Es gab eine Zeit, das waren die Kindheitsfreunde David St. Hubbins (Michael McKean) und Nigel Tufnel (Christopher Guest) richtig erfolgreich. In den 1960ern war das, auf dem Höhepunkt des Flower Pop. Seither sind viele Jahre vergangen, inzwischen treten sie und Derek Smalls (Harry Shearer) als Hard-Rock-Combo Spinal Tap auf. Das ging eine Weile gut, doch so richtig groß ist das Interesse der Fans nicht mehr an ihnen. Die Hallen werden immer kleiner, die Zuschauer weniger. Und dann haben sie auch noch mächtig Ärger, weil die Händler das neue Album wegen des sexistischen Covers nicht ins Sortiment aufnehmen wollen. Aber aufgeben gilt nicht: Gemeinsam mit Manager Ian Faith (Tony Hendra) touren sie weiterhin durchs Land, versuchen es zumindest, während sie von dem Dokumentarfilmer Marty Di Bergi (Rob Reiner) begleitet werden.
Musikdokus sind ja immer so eine Sache. Oft neigen sie dazu, sich den Porträtierten so anzubiedern, dass der Informationsgehalt überschaubar bleibt, dass sie letztendlich nicht wirklich etwas sagen und lieber ein bisschen Futter für Fans sind. Es ist daher gleich doppelt bemerkenswert, wie sehr hier This Is Spinal Tap aus dem Rahmen fällt. Zahlreiche Musiker, ob nun zeitgenössische aus den 80ern (Dokken) oder auch spätere wie die Grungerocker von Nirvana, drückten immer wieder ihre Bewunderung für den Film aus. Von den Kritikern wurde er ohnehin geliebt. Und das obwohl – oder gerade weil – Spinal Tap eine reine Erfindung waren.

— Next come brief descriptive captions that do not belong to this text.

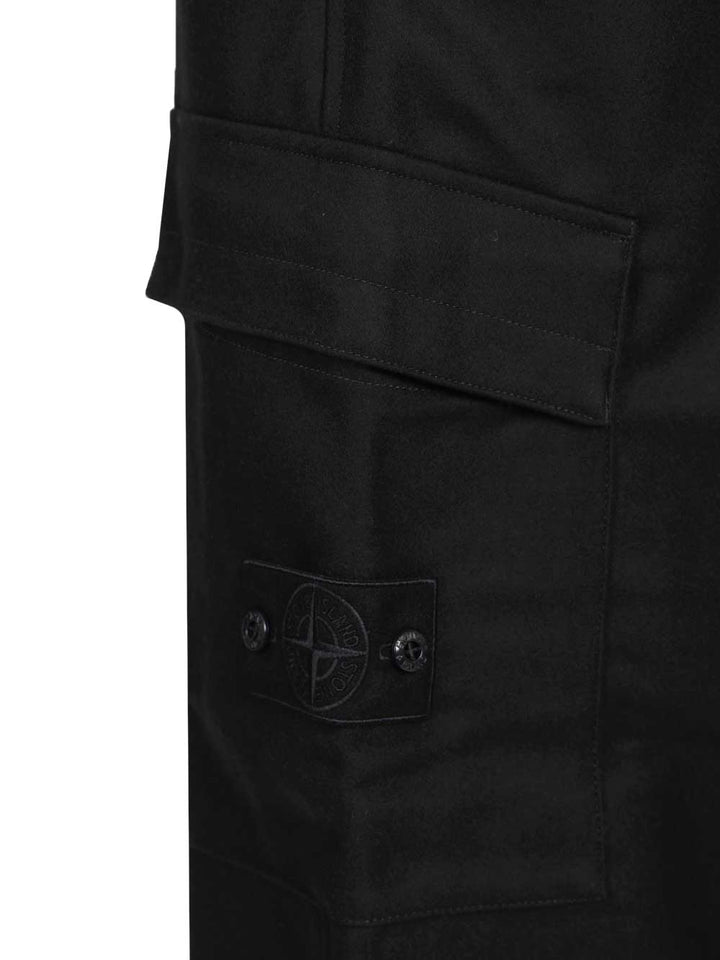 Stone Island Ghost  In Wool And Nylon Flannel Trousers - Blu | 71323537c5071a7344dc8806d7365fb683282a42
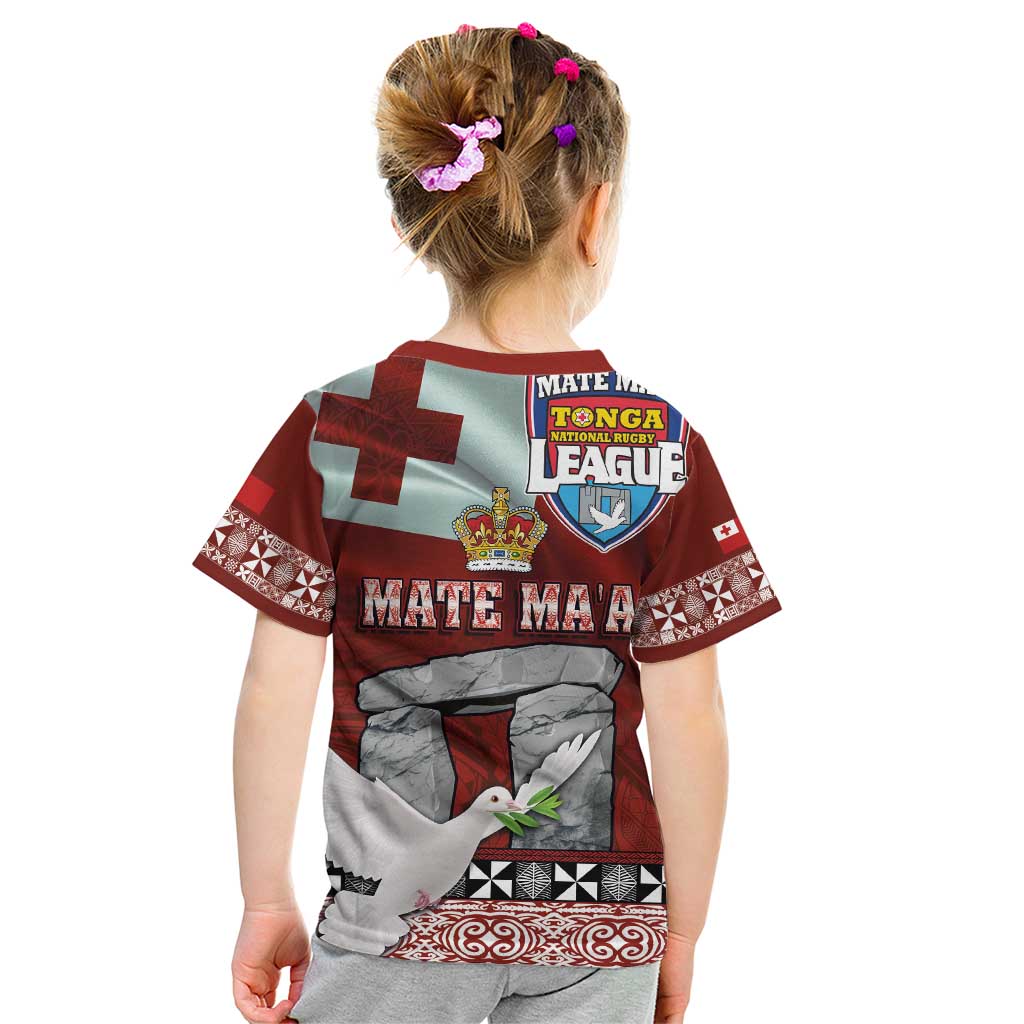 Mate Ma'a Tonga Kid T Shirt Haʻamonga ʻa Maui and White Dove - Tongan Kupesi Ngatu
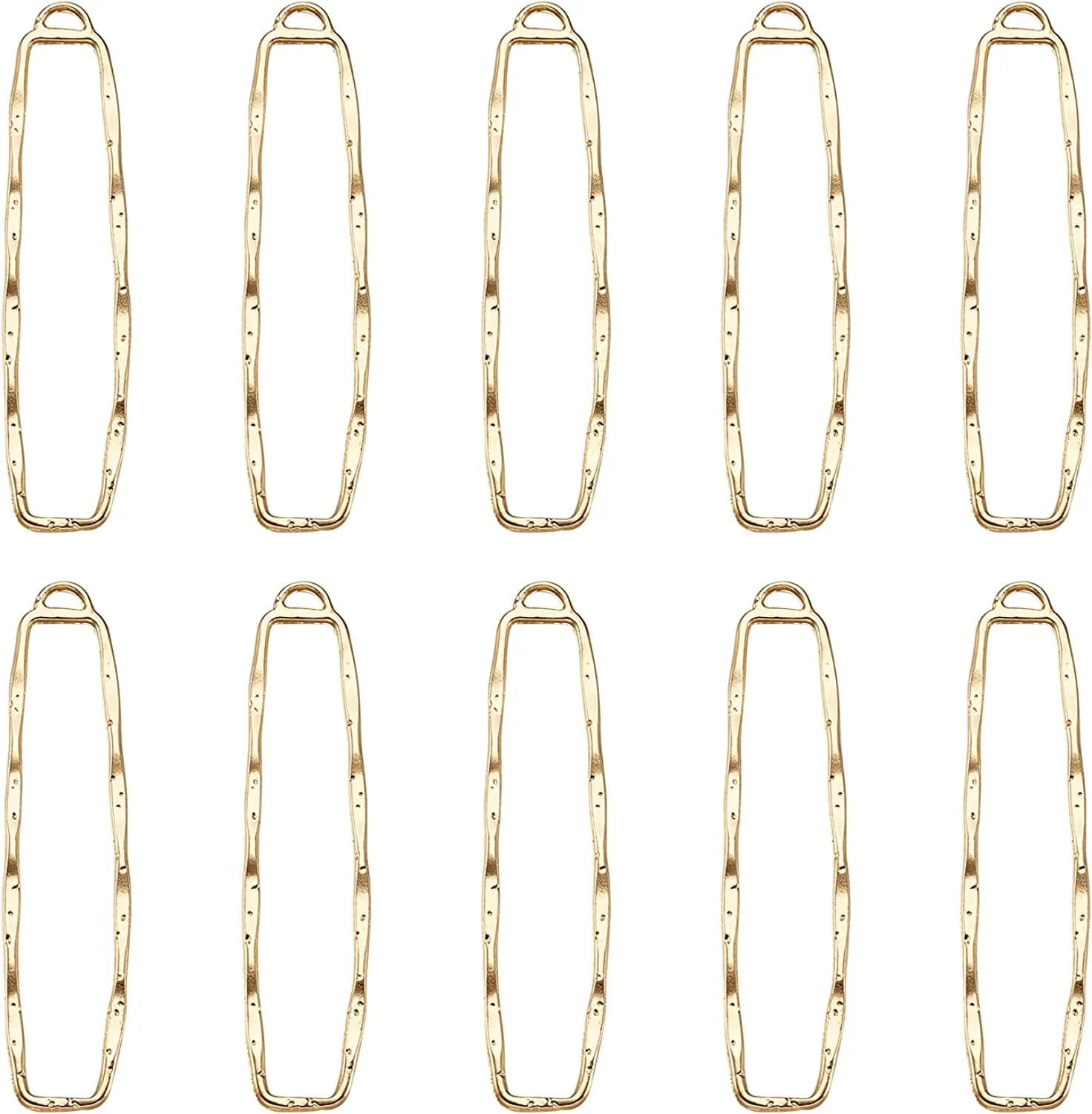 Pandahall Open Back Bezel Charms Epoxy Resin Pressed Flower Blank Hollow Pendant KC Gold-Long Rectangle / Rectangle-60.5x14mm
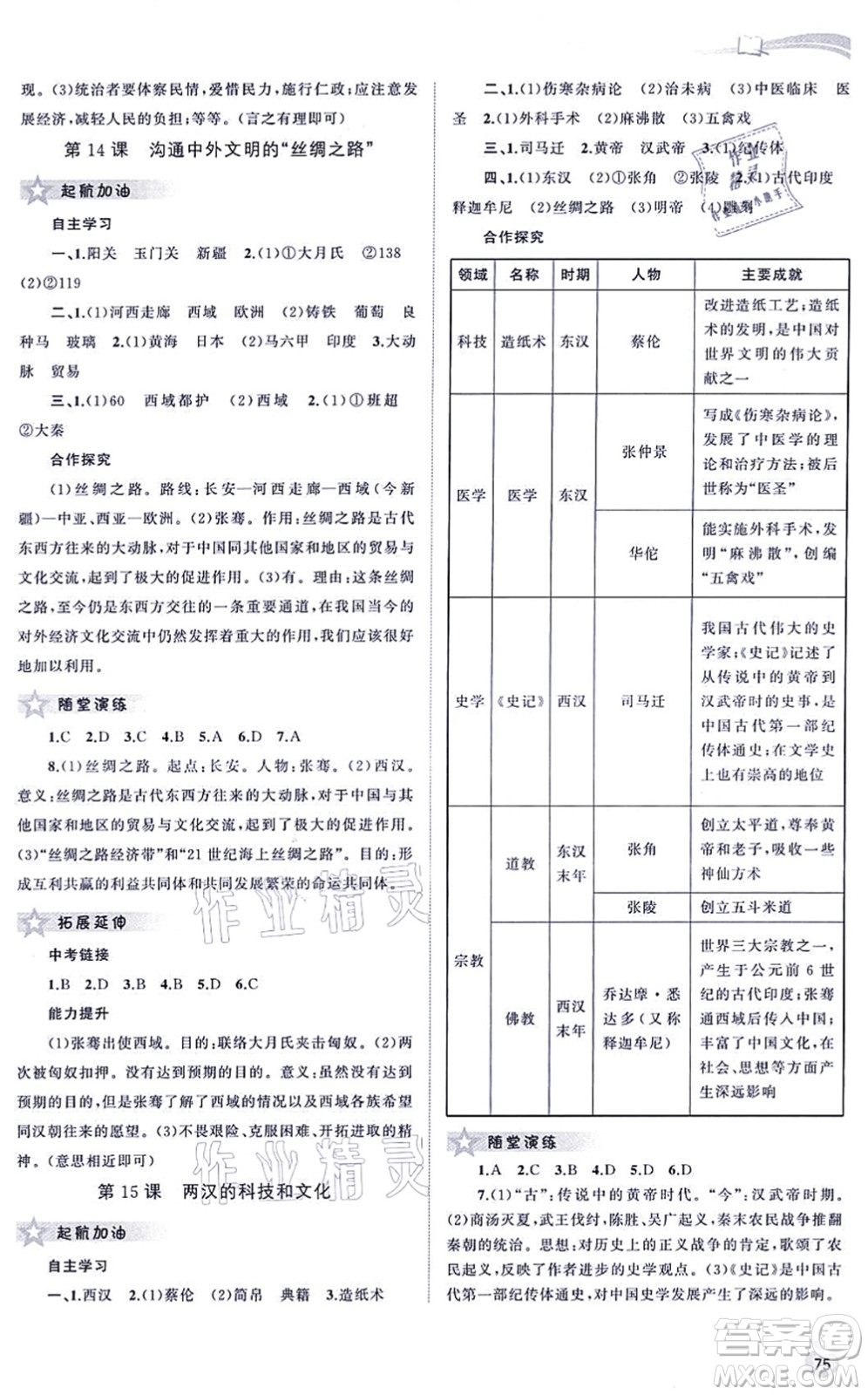 廣西教育出版社2021新課程學(xué)習(xí)與測評(píng)同步學(xué)習(xí)七年級(jí)歷史上冊(cè)人教版答案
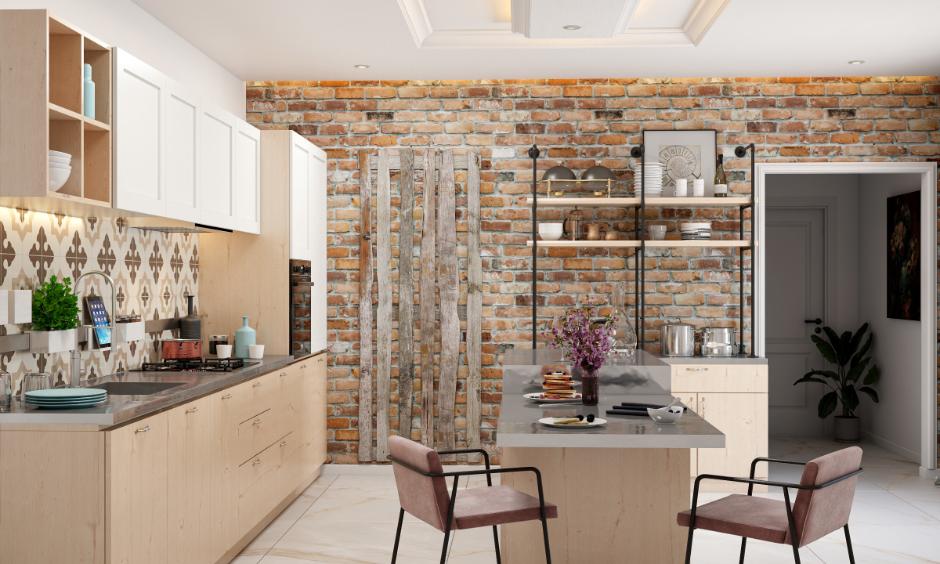 Kitchen design trend which has brick walls and steel accents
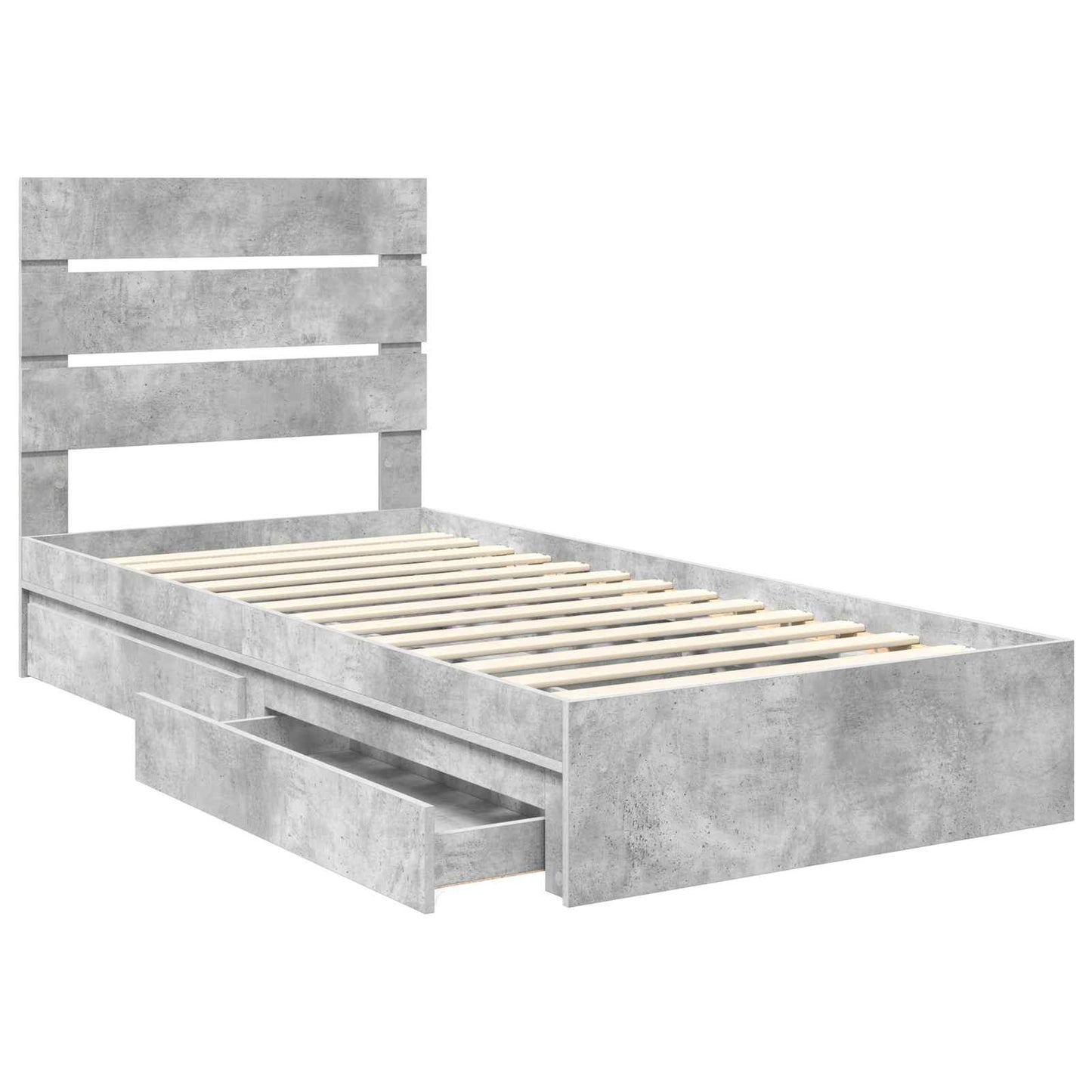 Storage Bed Concrete Grey 100 x 200 cm Engineered Wood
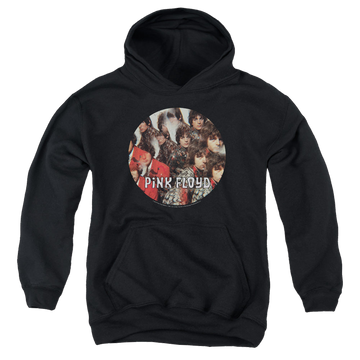 Black youth hoodie for ages 8 to 12 with Pink Floyd Piper graphic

Eine Band mit (falscher) Vorgeschichte
Schon Ende der 1970er hatten die drei Multitalente Michael McKean, Christopher Guest und Harry Shearer (Schauspiel, Comedy, Musik) mit Rob Reiner an Sketchen und Ideen über die fiktiven Rocker gearbeitet. Aus diesem kurzen TV-Auftritt wurde einige Jahre später dann ein ausgewachsener Film. Gewissermaßen. Genauer imitiert This Is Spinal Tap Dokumentarfilme auf eine humorvolle Weise, gehört nicht nur zu den bekanntesten, sondern auch besten Mockumentaries der Filmgeschichte.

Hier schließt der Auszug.